■ Assignment
The lines to copy run from the one containing "Volvo C30 1.6" to the end of the listing. Please write them out exactly, minus the pictures.

■ Data
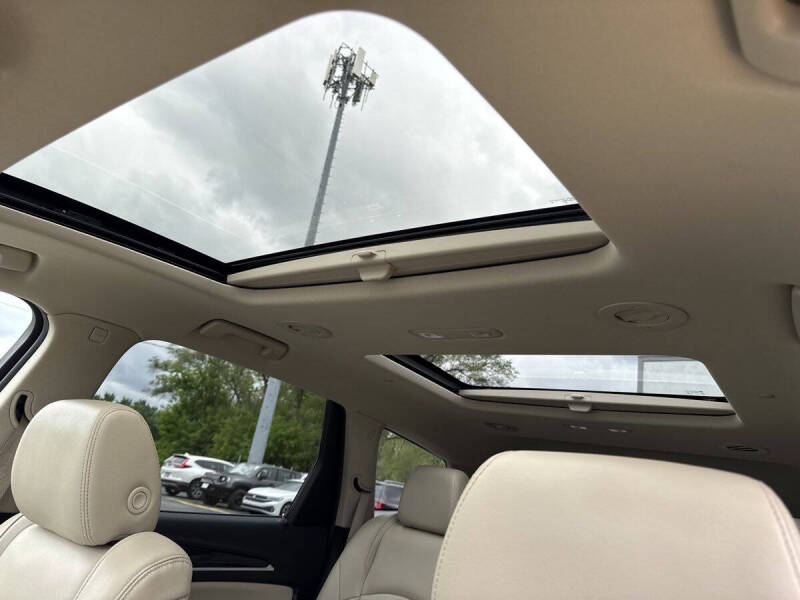 2019 Buick Enclave Essence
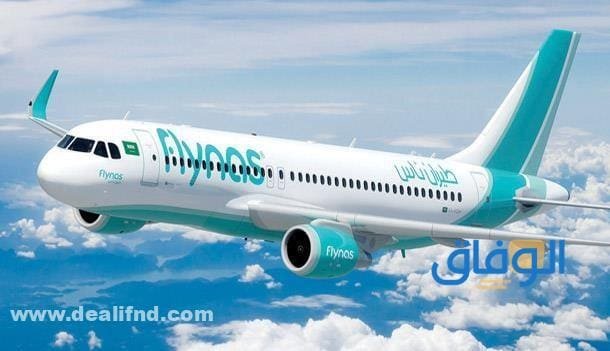 إدارة حجز طيران ناس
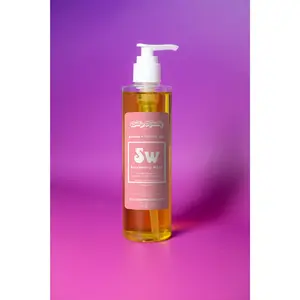 Strawberry Whip Nourishing Body Oil (Inspired by Kayali’s Yum Boujee Marshmallow)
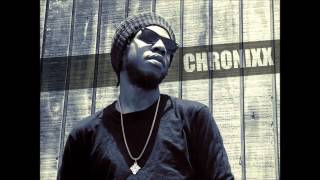 Chronixx--Wall Street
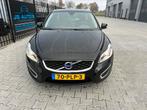 Volvo C30 1.6 D2 2011 Zwart, Origineel Nederlands, Te koop, 4 stoelen, Coupé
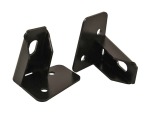 Front Runner Jeep Wrangler Jk jku Windshield Spot Light Brackets – By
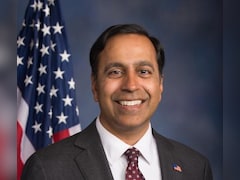 Who Is Raja Krishnamoorthi? Only Indian-American Lawmaker To Back US' Russia Sanctions Bill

■ Output of the exercise
 Volvo C30 1.6 D2 2011 Zwart, Origineel Nederlands, Te koop, 4 stoelen, Coupé
 Front Runner Jeep Wrangler Jk jku Windshield Spot Light Brackets – By
 Who Is Raja Krishnamoorthi? Only Indian-American Lawmaker To Back US' Russia Sanctions Bill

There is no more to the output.